Canone, taglio da 440 milioni per gli utenti: vertici Rai e sindacati protestano

Il taglio – che porta il canone da 90 a 70 euro in bolletta – ha preoccupato vertici Rai e lavoratori. Ma da Palazzo Chigi si cerca di rassicurare.

Radio Rai dirette Serie A
La sede della Rai in Viale Mazzini (Foto: Samantha Zucchi/Insidefoto)

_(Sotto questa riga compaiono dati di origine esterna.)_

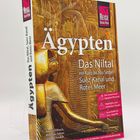 „Ägypten“, „Das Niltal“, „Suez-Kanal und Rotes Meer“. Hintergrund: ägyptische Reliefs mit Figuren und Hieroglyphen.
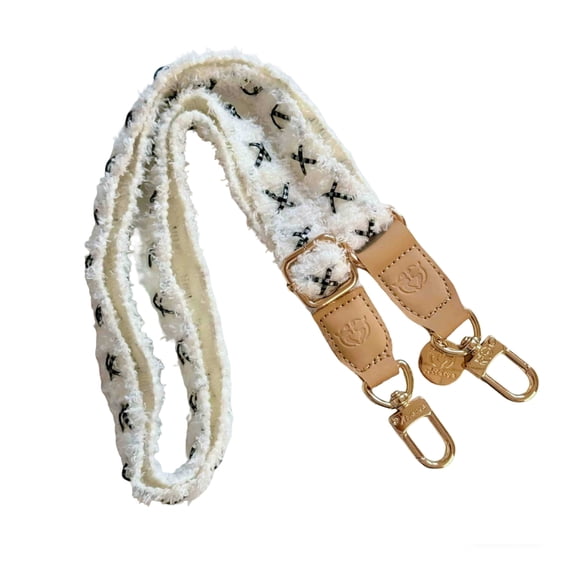 Adjustable 4.9ft Plush Phone Lanyard with Slide Buckle, Wide Comfort Strap & 2 Metal Hooks , Anti-Loss Neck Strap for Travel, Work, Winter Fashion,Black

Il Governo reputa fondamentale il servizio pubblico radio-televisivo e intende rafforzarlo e valorizzarlo con una più corretta gestione delle risorse anche grazie alla nuova governance. Lo affermano fonti di Palazzo Chigi al termine della giornata in cui è stata comunicata in manovra la riduzione del canone Rai in bolletta da 90 a 70 euro.

Il taglio – scrive Il Sole 24 Ore, riportando fonti governative – «comporta un minor esborso complessivo da parte degli italiani per 440 milioni, importo che sarà in gran parte compensato dallo Stato alla Rai per spese relative agli investimenti. Di conseguenza, la dotazione complessiva per la società subisce solo una modifica di lieve entità, pari a 20 milioni, in linea con i tagli per tutti i ministeri».

Il taglio aveva preoccupato vertici Rai e lavoratori. Il testo nel dettaglio ancora non c’è, ma l’indiscrezione di Palazzo Chigi è una risposta ai tanti allarmi lanciati e all’appello arrivato la scorsa settimana dal Direttore generale Rai Giampaolo Rossi sulla «restituzione di quei 110 milioni sottratti al canone Rai per altre funzioni che la Rai vorrebbe indietro per investirli sull’audiovisivo italiano».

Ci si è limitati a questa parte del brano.